◆ **Brief**: Would you print, word for word, only the lines running from the line with "The Alencia Urban" to the last line of the entries, without the pictures?

——

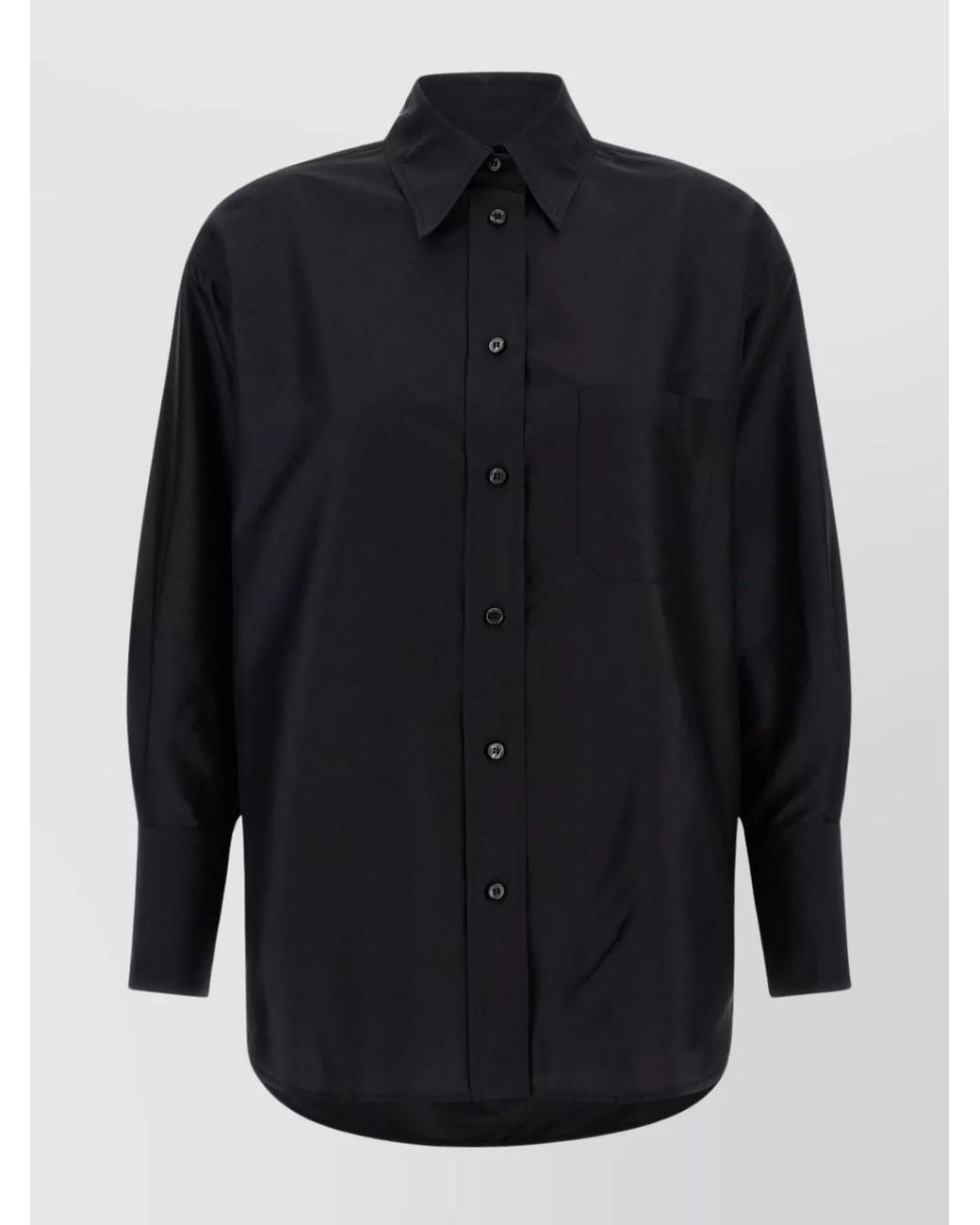 Alberto Biani Blue Silk Shirt
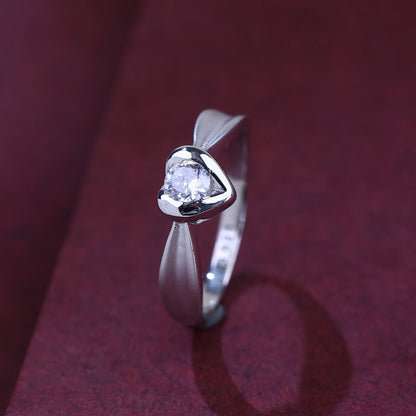 The Alencia Urban Serenade Heart Solitaire Ring image 0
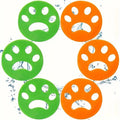 Cat Claw Silicone Hair Remover 4pcs Washing Machine Clothes Dust Hair Collector Double-Sided Reusable Washable Cleaning Tools Oasis Select 6pcs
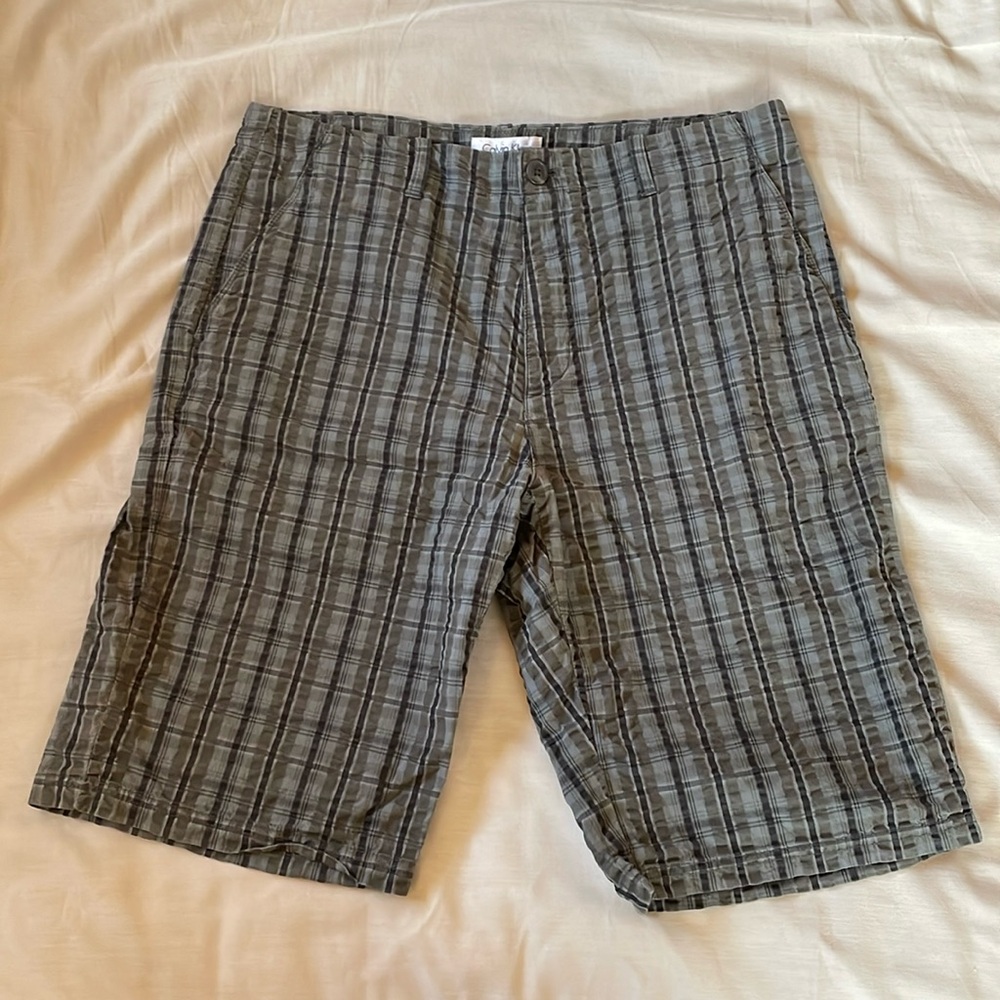 Grey/Black Shorts - Calvin Klein - 34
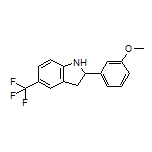 2-(3-Methoxyphenyl)-5-(trifluoromethyl)indoline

——

◆ **Task response**:
 The Alencia Urban Serenade Heart Solitaire Ring image 0
 Cat Claw Silicone Hair Remover 4pcs Washing Machine Clothes Dust Hair Collector Double-Sided Reusable Washable Cleaning Tools Oasis Select 6pcs
 Grey/Black Shorts - Calvin Klein - 34
 2-(3-Methoxyphenyl)-5-(trifluoromethyl)indoline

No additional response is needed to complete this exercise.